**Task to carry out:**
Output every line below as it stands, dropping only the images.

**Listed entries:**
......

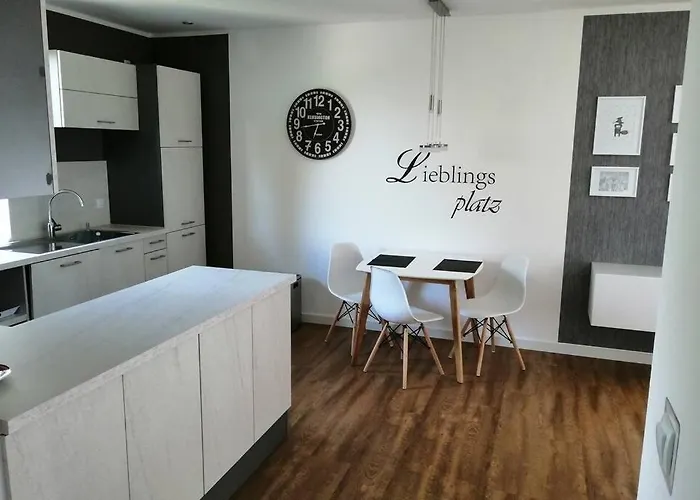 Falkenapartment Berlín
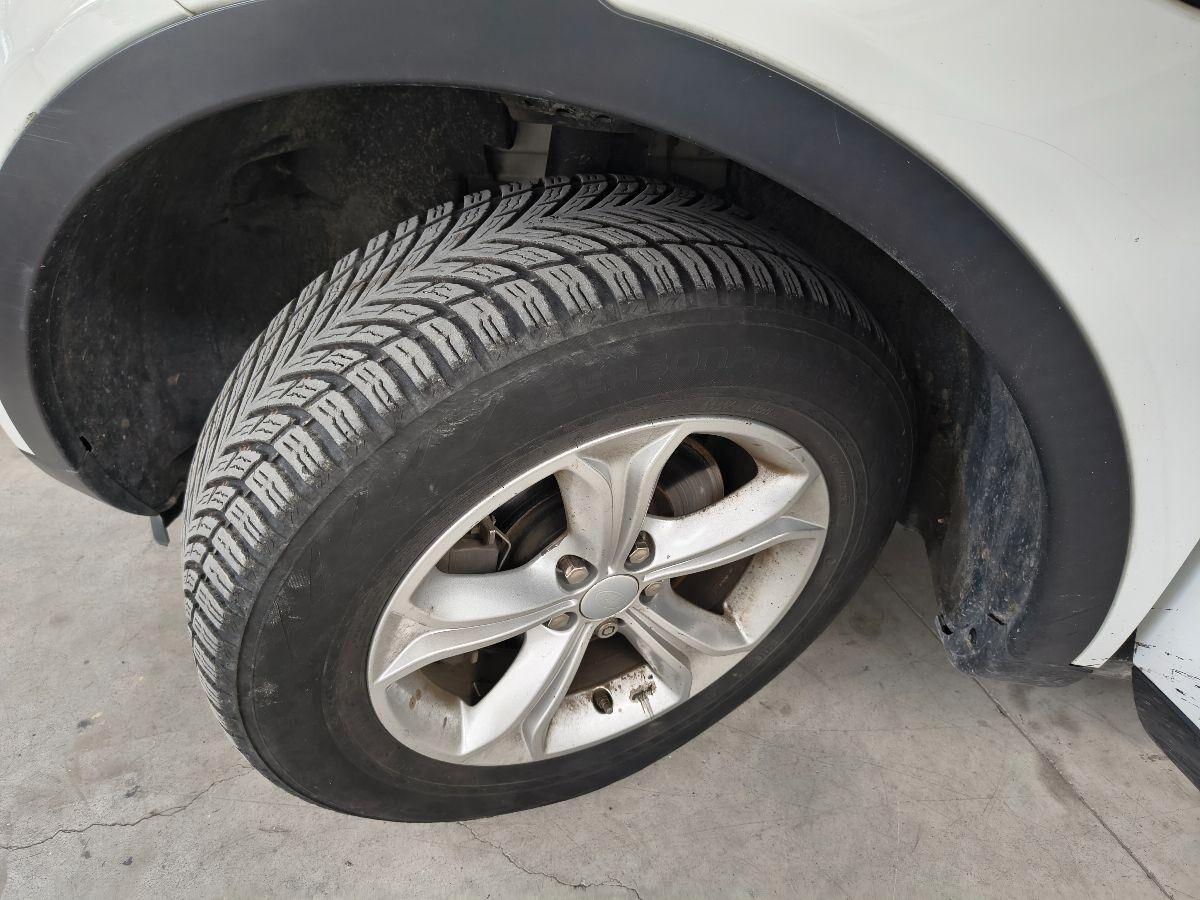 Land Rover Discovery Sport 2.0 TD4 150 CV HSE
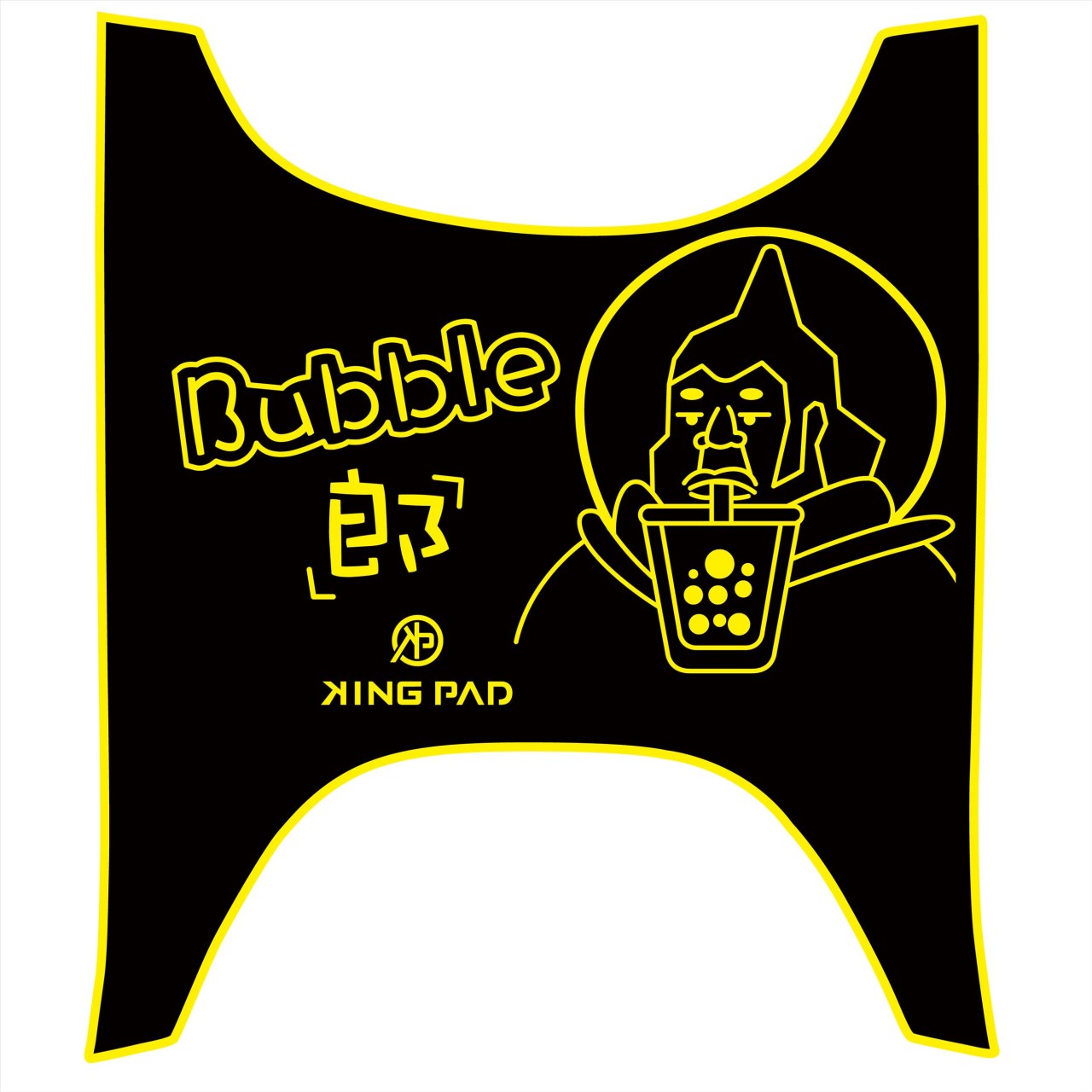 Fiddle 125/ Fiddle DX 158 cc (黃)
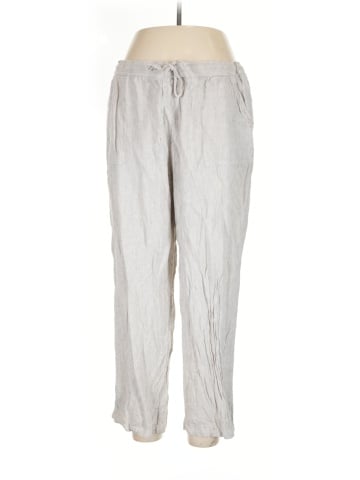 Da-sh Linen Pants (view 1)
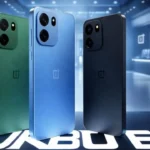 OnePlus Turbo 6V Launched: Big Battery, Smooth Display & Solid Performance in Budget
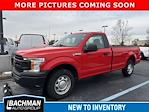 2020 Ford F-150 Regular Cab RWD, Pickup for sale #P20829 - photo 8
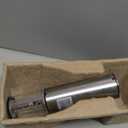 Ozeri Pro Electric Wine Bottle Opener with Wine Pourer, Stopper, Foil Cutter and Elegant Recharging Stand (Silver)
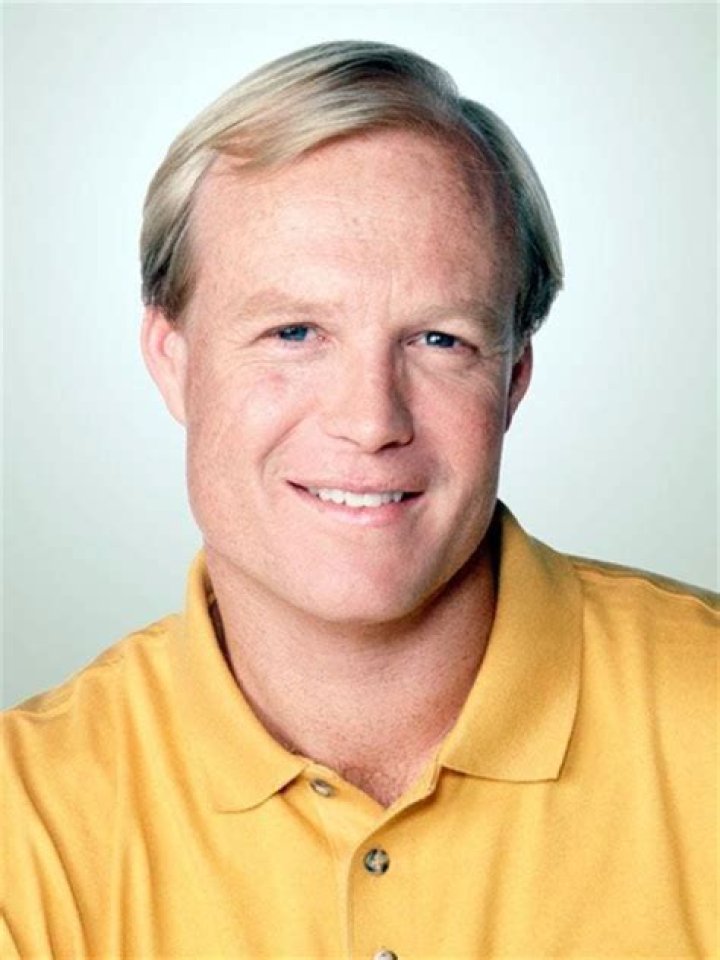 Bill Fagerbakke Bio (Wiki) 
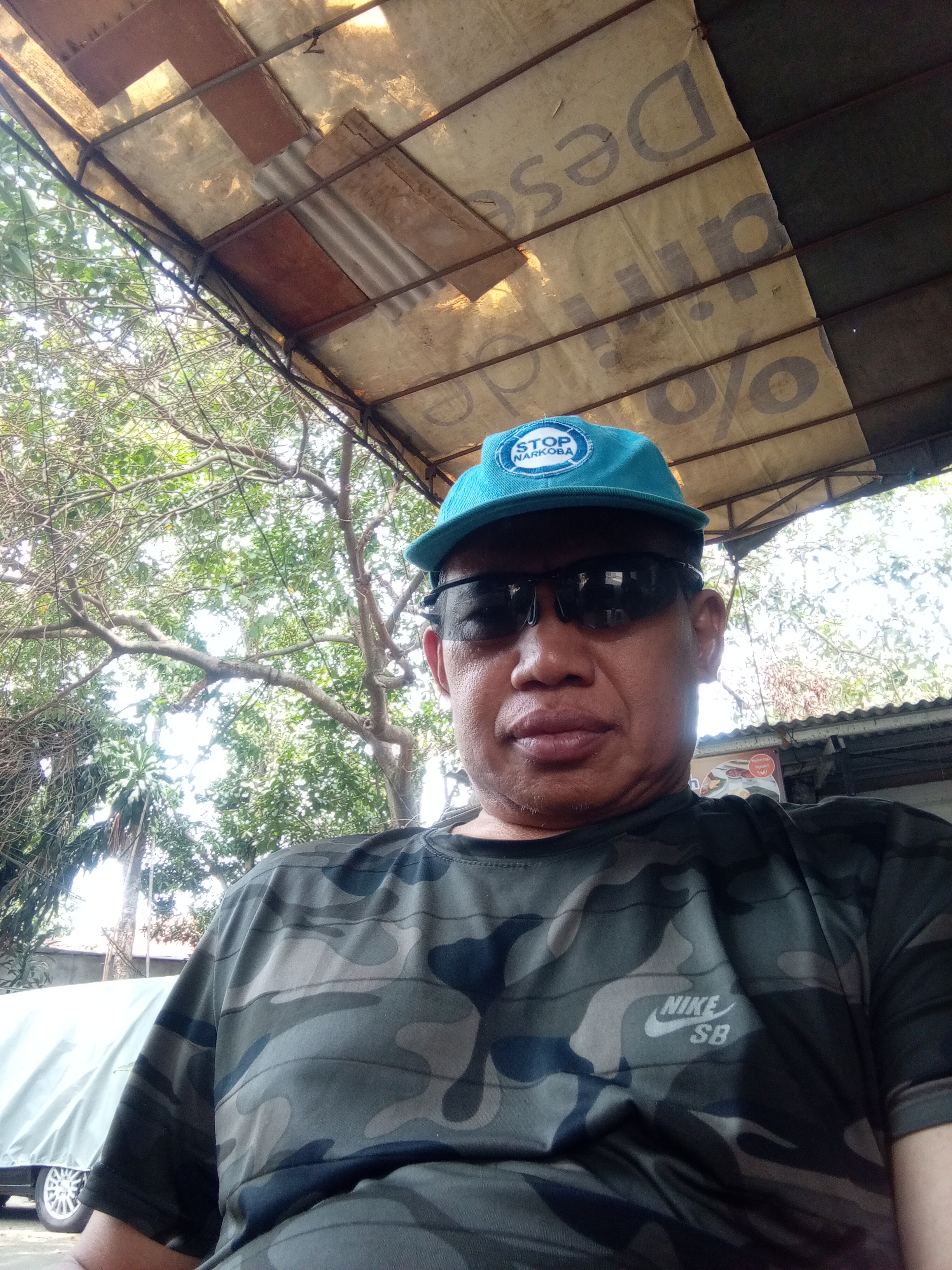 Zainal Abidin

......

**Answer for the task:**
 Falkenapartment Berlín
 Land Rover Discovery Sport 2.0 TD4 150 CV HSE
 Fiddle 125/ Fiddle DX 158 cc (黃)
 Da-sh Linen Pants (view 1)
 OnePlus Turbo 6V Launched: Big Battery, Smooth Display & Solid Performance in Budget
 2020 Ford F-150 Regular Cab RWD, Pickup for sale #P20829 - photo 8
 Ozeri Pro Electric Wine Bottle Opener with Wine Pourer, Stopper, Foil Cutter and Elegant Recharging Stand (Silver)
 Bill Fagerbakke Bio (Wiki) 
 Zainal Abidin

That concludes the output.